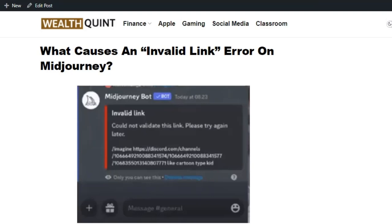Hello everyone, welcome back to our YouTube channel. Today we are going to see how to fix the invalid link error. The error usually occurs if you haven't used the right image URL or there is an issue with the entered command. Before getting into the solution, make sure you hit the like and subscribe button so that you will not miss the upcoming videos.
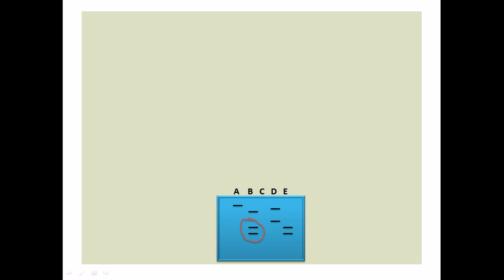By looking at this band pattern, we repeat this experiment several different times. Here it is denoted by five different times: A, B, C, D, and E. In all these cases, we can see that the band pattern of lane B is exactly similar to the band pattern of lane E.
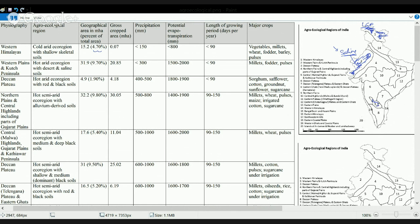The next region is the Deccan Plateau region. This region is again rich in black soil and red soil, as mentioned in the agroclimatic classification. The cultivation or crop area is not much in this region. Since it is a black soil region, the main crops are cotton, sunflower, sorghum, sugarcane, and groundnut.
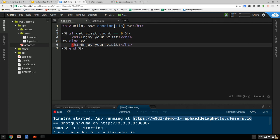In the else branch, we'll output the number of visits.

#### Exercise details:
Print the material verbatim; drop the pictures.

#### Answer section:
Hello everyone, welcome back to our YouTube channel. Today we are going to see how to fix the invalid link error. The error usually occurs if you haven't used the right image URL or there is an issue with the entered command. Before getting into the solution, make sure you hit the like and subscribe button so that you will not miss the upcoming videos.
By looking at this band pattern, we repeat this experiment several different times. Here it is denoted by five different times: A, B, C, D, and E. In all these cases, we can see that the band pattern of lane B is exactly similar to the band pattern of lane E.
The next region is the Deccan Plateau region. This region is again rich in black soil and red soil, as mentioned in the agroclimatic classification. The cultivation or crop area is not much in this region. Since it is a black soil region, the main crops are cotton, sunflower, sorghum, sugarcane, and groundnut.
In the else branch, we'll output the number of visits.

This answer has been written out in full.